Porque ele é o Hugo! E o Hugo é indomável.
“Em uma entrevista com J. K. Rowling, autora da série Harry Potter, um fã norte-americano lhe perguntou se ela algum dia escreveria um livro sobre uma escola de bruxaria nos Estados Unidos. Ela respondeu que não, ‘... mas fique à vontade para escrever o seu’”. Foi assim, sentindo-se autorizada pela própria criadora da série mais famosa de todos os tempos, que a carioca Renata Ventura decidiu escrever sobre uma escola de magia no Rio de Janeiro.

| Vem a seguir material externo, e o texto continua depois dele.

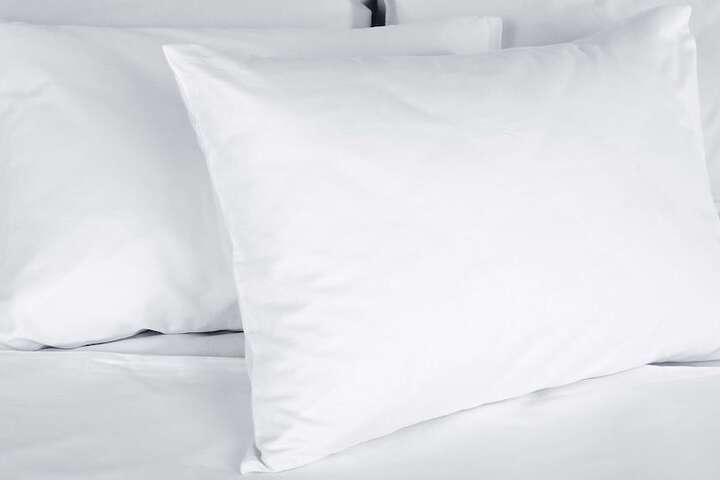 1 Queen Bed (7 of 10)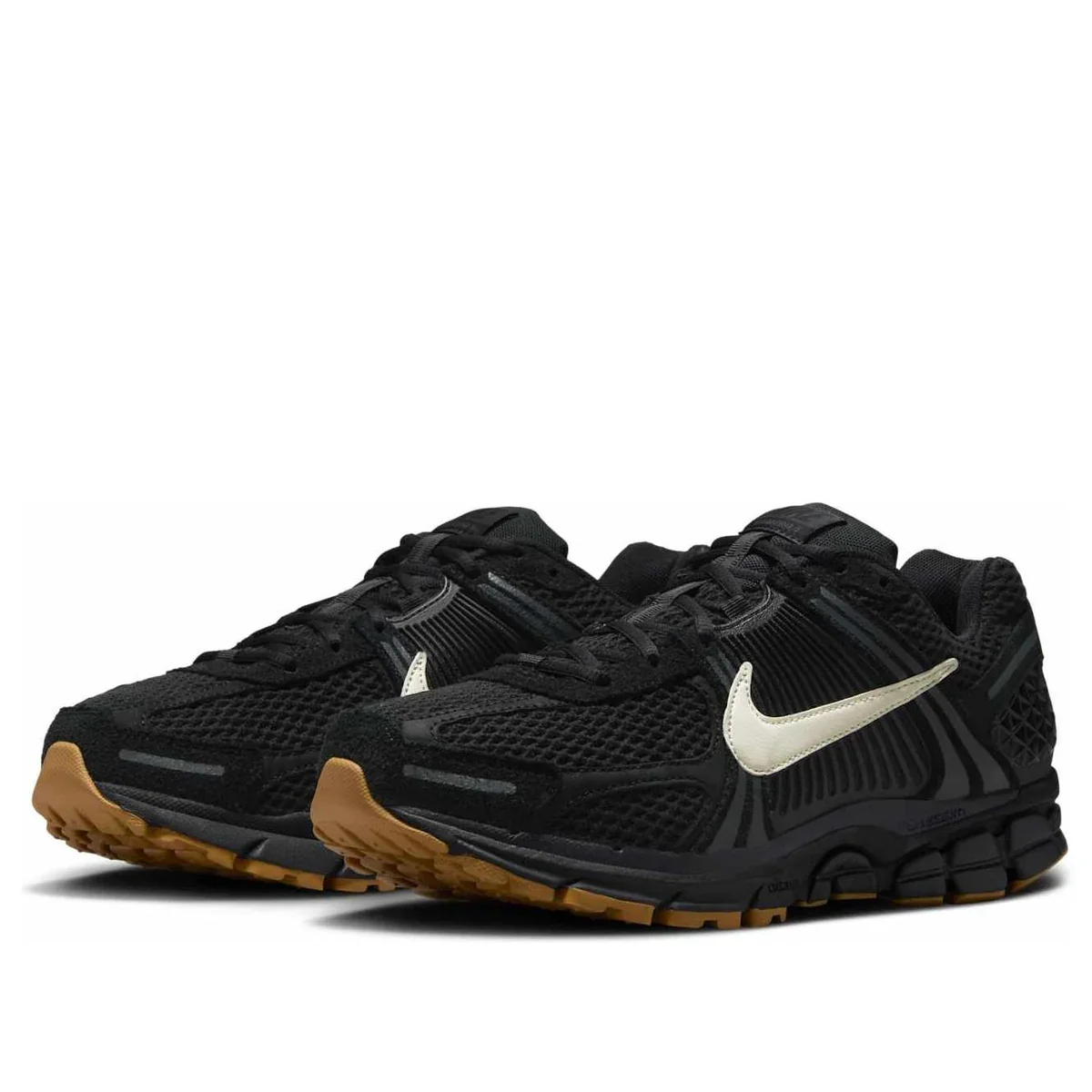 IB4005 010 Nike Zoom Vomero 5 Black Gum - Image 3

Em “A Arma Escarlate” somos apresentados à escola de magia Notre Dame Do Korkovado, ou Nossa Senhora do Korkovado, em bom português (beijo, Viny!). Uma escola que, apesar de ser de magia, está no Brasil, portanto, tem tantas falhas quanto as escolas públicas “azêmolas” do país. Somos apresentados, também, ao nosso Harry Potter: o “favelado” Hugo Escarlate.
Chamar o Hugo de “nosso Harry Potter” é covardia. A inocência que emana do bruxo inglês por boa parte da saga falta ao nosso herói, garoto nascido e criado na favela Dona Marta em seus piores dias, quando o tráfico de drogas mandava na região; abandonado pelo pai e criado pela mãe solteira e pela avó, sempre sofrendo com a falta de professores na escola pública, menino vivido e experimentado nas dores de um adulto. Um simples garoto negro de 13 anos, que viveu muito mais experiências traumáticas do que muito adulto por aí.

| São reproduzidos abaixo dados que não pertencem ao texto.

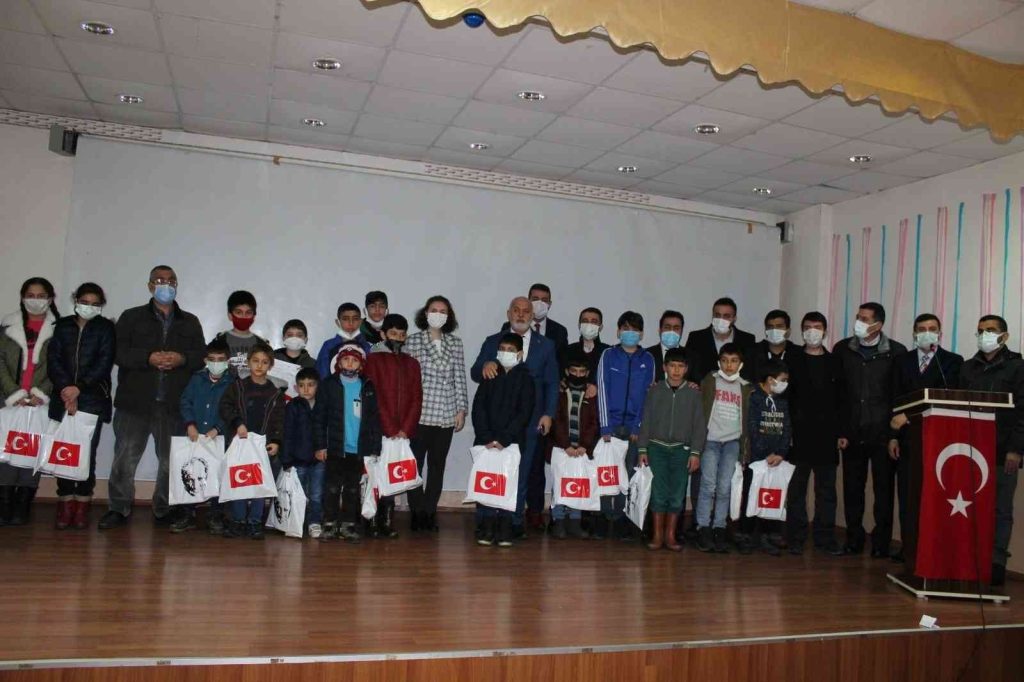 ’Haydi Çocuklar Camiye’ Projesinin ödül töreni düzenlendi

Mas, vamos falar do livro, tentando não dizer muita coisa para não estragar as surpresas. Renata Ventura tem uma escrita certinha, redondinha, ousaria dizer, até mesmo, impecável. A história é bem amarrada, com os ganchos certos nas horas certas, o que te deixa absolutamente grudado nas páginas. A autora criou um mundo dentro do universo de Harry Potter, de certa forma, mas, ao mesmo tempo, muito diferente. Renata esbanja criatividade nas adaptações do mundo bruxo para as terras tupiniquins. Feitiços em latim? Não, iorubá, bantu e tupi. Salgueiro Lutador? Pé de Cachimbo! Beco Diagonal? Sub Saara, meu bem! E uma escola de magia inteirinha dentro do morro do Corcovado! É difícil escrever sobre A Arma Escarlate sem contar detalhes importantes da trama, pois o livro inteiro é uma surpresa e um deleite, à medida em que se vai lendo. Mas não apenas isso...

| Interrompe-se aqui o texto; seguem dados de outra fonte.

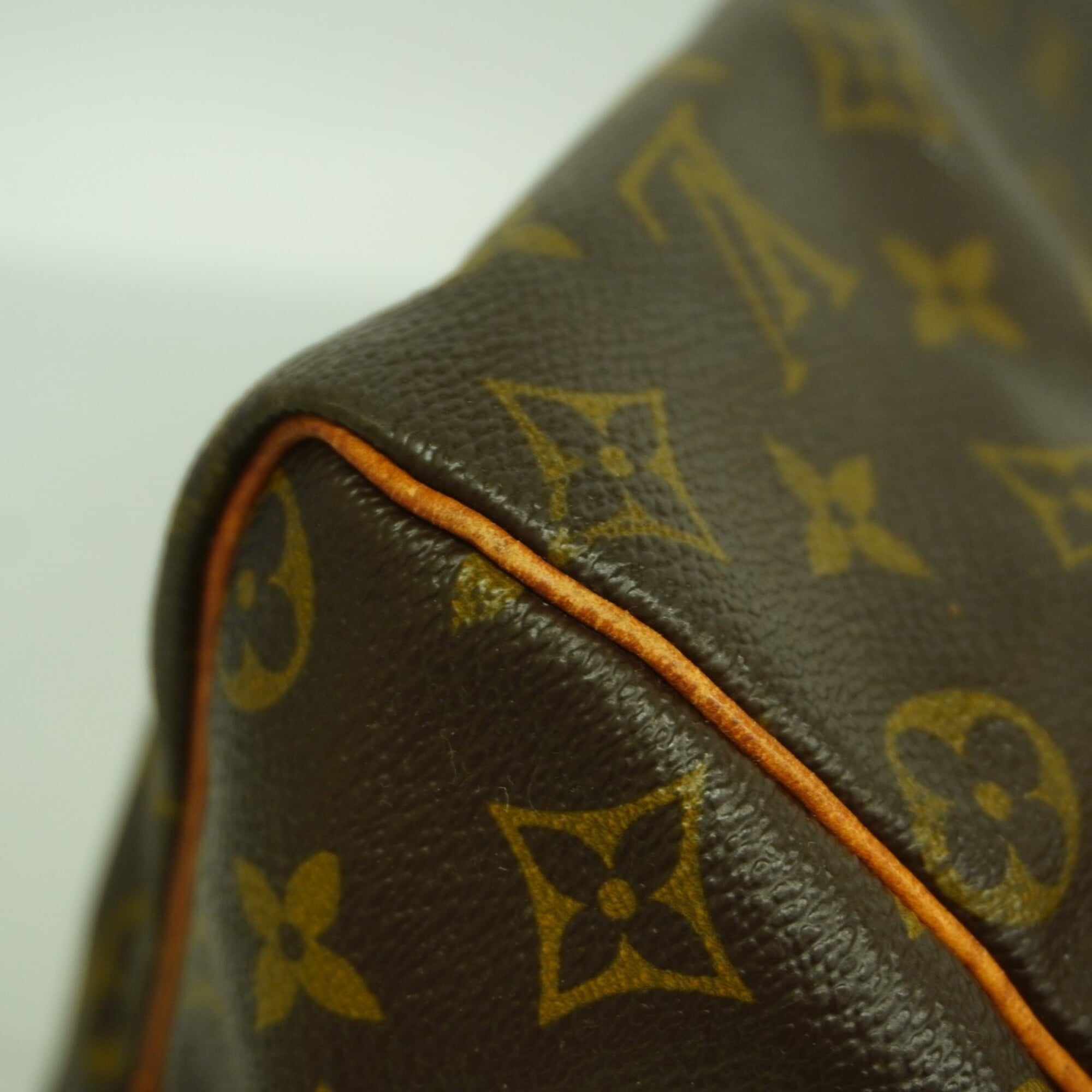 Louis Vuitton Brown Handbag (Pre-Owned)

O livro é dividido em duas partes. Na primeira parte, somos apresentados à escola, aos personagens e à história de Hugo. Porém, na segunda, o livro ganha uma nuvem negra que paira acima de cada capítulo, transformando o coração do pobre leitor em uma confusão de sentimentos por vezes conflitantes. Raiva do protagonista. Ódio do bandido. Revolta. Dor. Incredulidade. Acho que não há adjetivo melhor para definir “A Arma Escarlate” do que brutal. Ou cruel. Nunca senti tamanha angústia ao ler um livro, juro a vocês! Não era medo, nervoso, excitação, nada disso. Era choque com os rumos que as coisas tomavam, incredulidade... Uma sensação sufocante! Estou tendo até dificuldade em escrever essa resenha no momento, porque ainda não consigo respirar direito, completamente tomada pelas emoções. Não digo isso por exagero: sou uma leitora bastante crítica e uma resenhista mais ainda. Quando digo que TÔ NO CHÃO, ROSANAAAAA! É porque estou no chão meeeeesmo!
Mas não se enganem, nada disso é uma crítica ruim. Muito pelo contrário! O livro é genial, incrível e está totalmente à altura da saga de J. K. Rowling. São mundos completamente diferentes, mas a “destruidora de corações”, como é considerada pela sua legião de fãs, conseguiu criar o seu com charme, criatividade e muito talento. O mundo mágico e brutal de Hugo Escarlate já entrou para a história das sagas inesquecíveis, tanto nacionais quanto internacionais. Não vou dizer “você que é fã de Harry Potter, leia esse livro”, não mesmo! Porque você não vai encontrar o mesmo mundo encantado da história inglesa. Você não vai encontrar o menino Harry, órfão inocente. Aqui é a terra do Pequeno Obá, de Hugo Escarlate. E o Hugo é indomável.
Minha classificação para esse livro é de ❤ 6/6- "Obra Prima".
A Arma Escarlate. Ventura, Renata. Editora Novo Século, 2012, 488 p.